Thursday 7 April 2011

Visited.

When the barks first crack through the window of sleep, they sound like screams. Short and high pitched, screams of pain or terror. They slip into your dreams and confuse your sleep-befuddled brain, and then suddenly you're sitting upright, swearing, heart thudding, your ears straining for the direction of the sound- who..? But once you're awake, the realization is almost instantaneous. Because with open eyes comes a clarity.

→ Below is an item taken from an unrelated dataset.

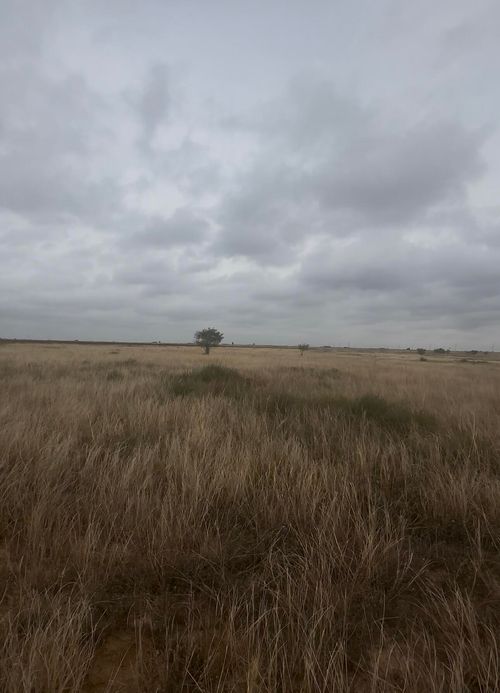 2308 E County Road 5100, Abernathy, TX, 79311-2018 | Card Image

This wasn't the first time I'd heard a fox bark. But never this close. I lean from the warmth of my bed and reach to open my skylight. The cold sweeps in from the street outside, and there it is, standing alert in the middle of the road just outside my house. Tail raised, it’s neck stretched with each high bark. It looks incredible. I cough as the night air tickles my throat, and, momentarily, it looks up at me. I have eye contact with a fox. Then it looks away, I am no threat, and it continues barking. Calling? I don’t know. For a full ten minutes I sit there, my duvet drawn about my shoulders, my skin rough from the cold, and watch it. My sister’s skylight next to mine opens, and we discuss the wild animal below us in whispers. It pays no attention to our speculating.
Suddenly it is joined by a second. Smaller and more fragile looking than the first, this fox wanders from the mouth of our road down to the pavement outside our neighbours house, and lies down. The first fox stops it’s barking. Walks up to a couple of meters away from it, lies down. They whine at each other, quietly, hardly noticeable. Then the first fox gets up, moves a meter closer, and lies down again. He repeats this til they are close, and both hidden behind the neighbour’s car. Ten seconds later, the second fox emerges and goes to sit in the middle of the road outside our house. The first fox departs. And the second restarts the barking.
I sit, shivering slightly, watching this strange event. My sister’s skylight closes, but I sit still and silent until, without due warning, the fox ups and leaves. A swish of the tail as she turns a quick circle, and then pads off down the road. I close my skylight with a clunk, and snuggle back down into the duvet, curling up small to try and make the most of the limited area of warmth. That night my dreams are followed by a small red fox. Tail raised high.